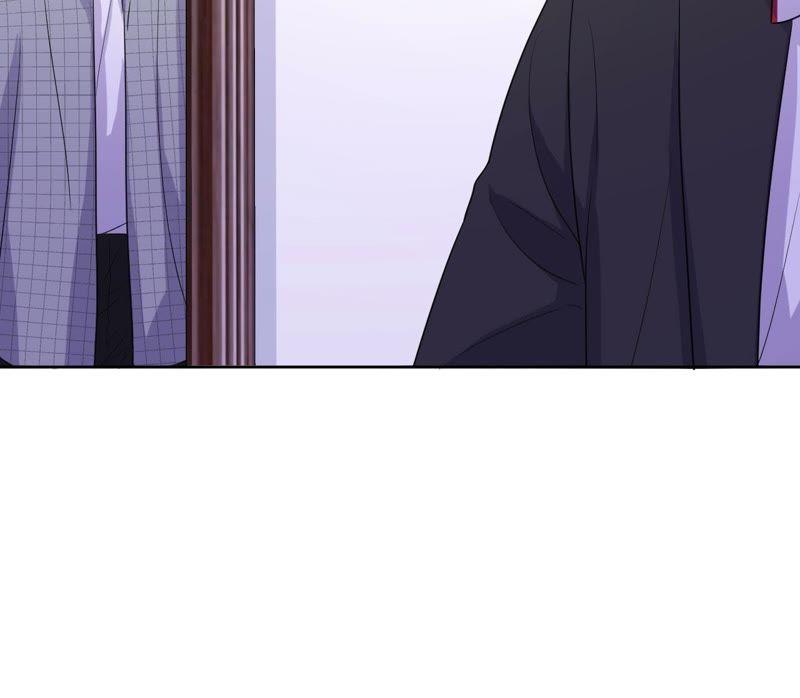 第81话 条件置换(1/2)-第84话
--
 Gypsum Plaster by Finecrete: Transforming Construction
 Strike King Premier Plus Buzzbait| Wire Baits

▶ _Exercise requirements_:
The response should be the listing above, limited to the lines between the one holding "Gypsum Plaster by" and the one holding "Strike King Premier", inclusive, reproduced exactly.

▶ _Solution to this task_:
 Gypsum Plaster by Finecrete: Transforming Construction
 Strike King Premier Plus Buzzbait| Wire Baits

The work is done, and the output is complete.